WORK ORDER - Output the entries below unchanged, except for the pictures.
Segment Start: DATA RECORDS
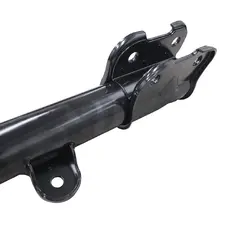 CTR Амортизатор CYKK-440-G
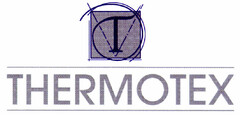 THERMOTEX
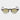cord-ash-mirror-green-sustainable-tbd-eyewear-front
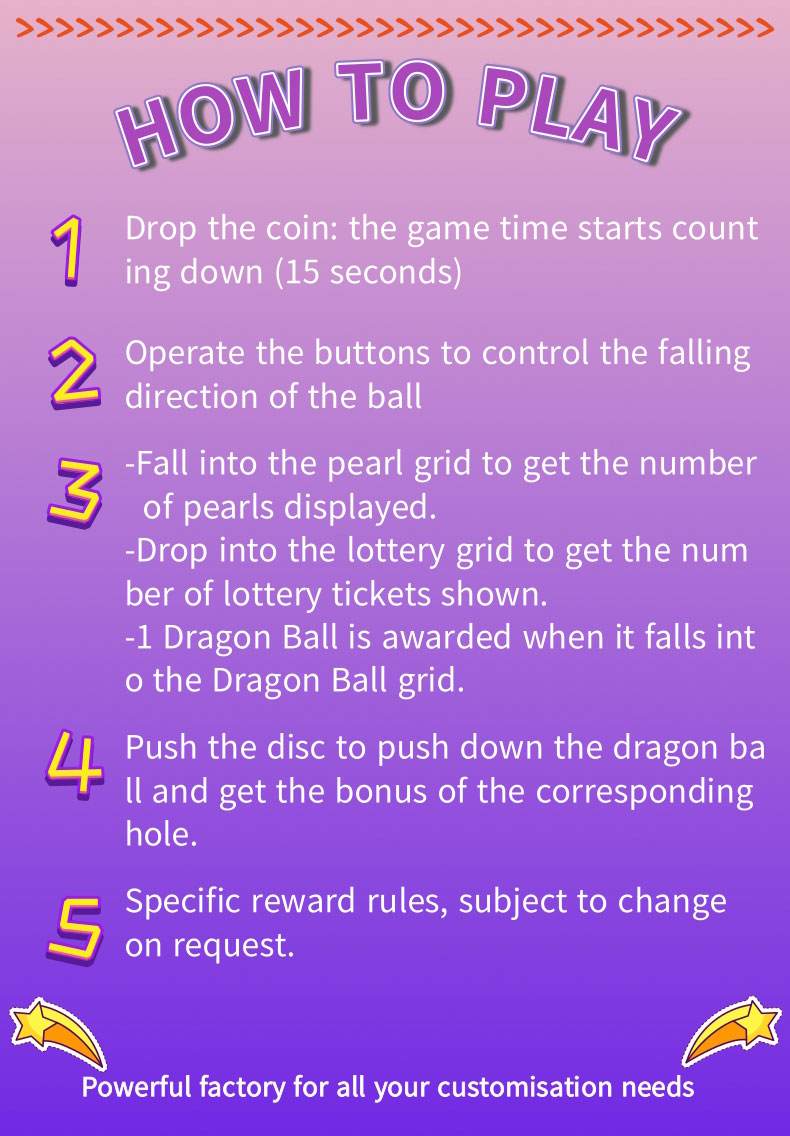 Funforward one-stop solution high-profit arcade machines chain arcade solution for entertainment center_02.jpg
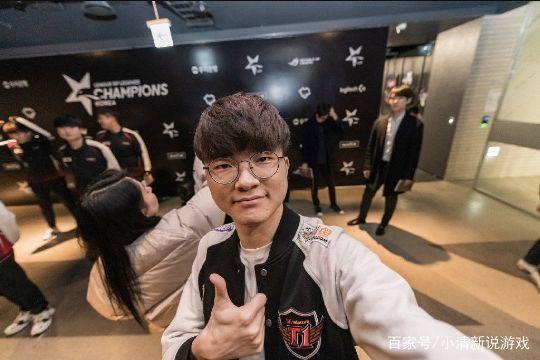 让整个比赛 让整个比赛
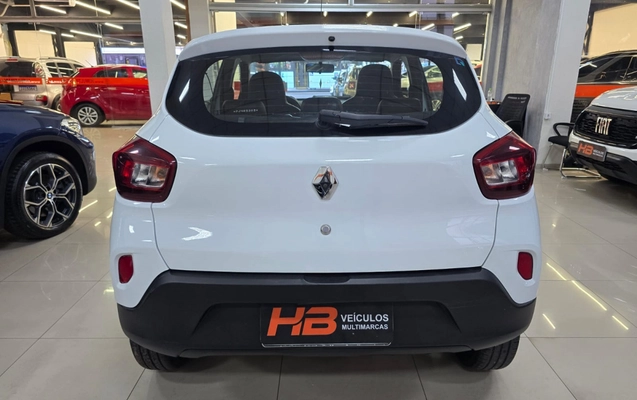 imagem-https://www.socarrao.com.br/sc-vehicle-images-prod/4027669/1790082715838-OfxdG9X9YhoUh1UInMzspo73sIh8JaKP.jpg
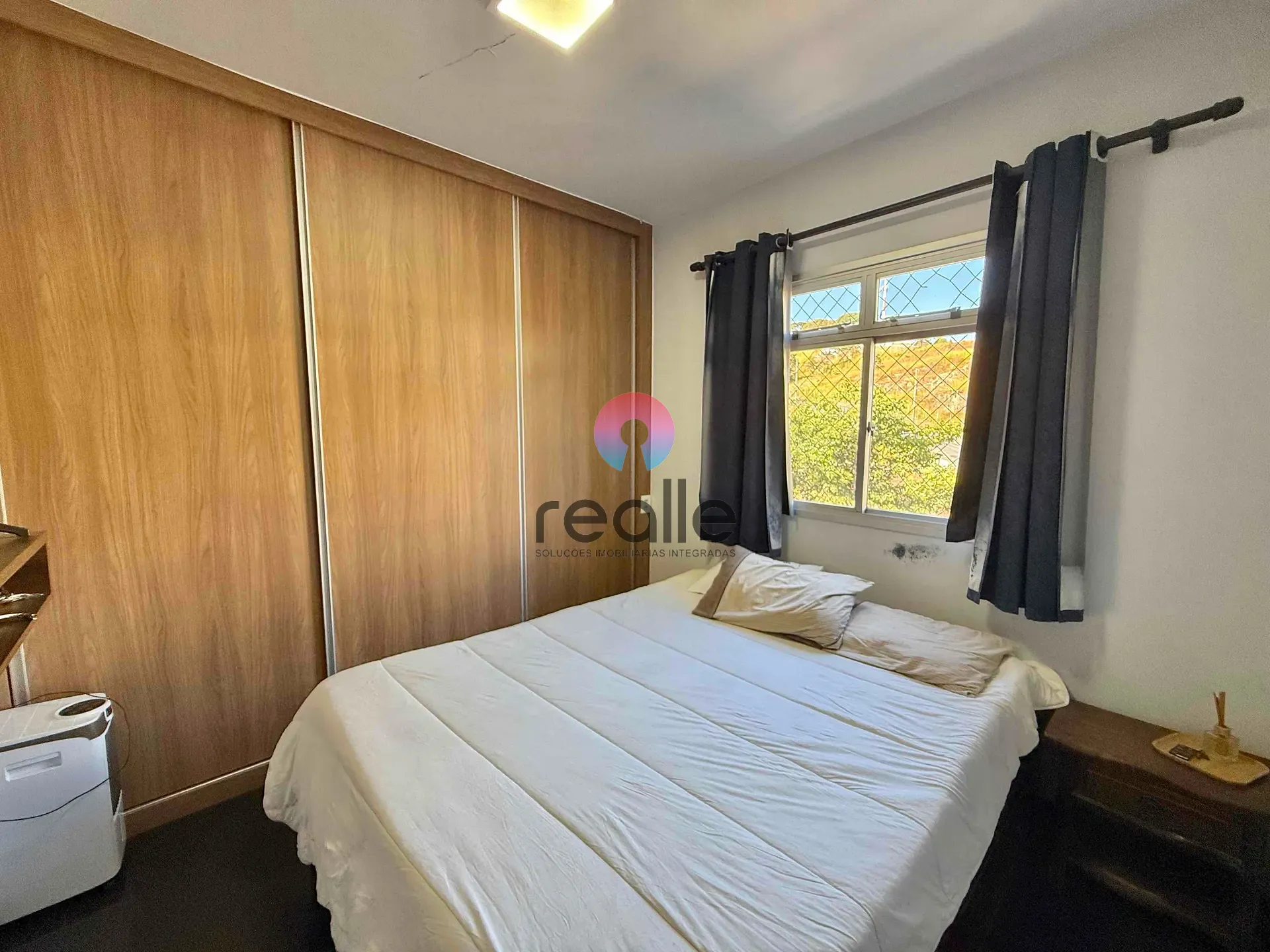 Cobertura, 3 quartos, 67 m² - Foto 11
Segment End: DATA RECORDS
EXERCISE RESPONSE -
 CTR Амортизатор CYKK-440-G
 THERMOTEX
cord-ash-mirror-green-sustainable-tbd-eyewear-front
 Funforward one-stop solution high-profit arcade machines chain arcade solution for entertainment center_02.jpg
 让整个比赛 让整个比赛
 imagem-https://www.socarrao.com.br/sc-vehicle-images-prod/4027669/1790082715838-OfxdG9X9YhoUh1UInMzspo73sIh8JaKP.jpg
 Cobertura, 3 quartos, 67 m² - Foto 11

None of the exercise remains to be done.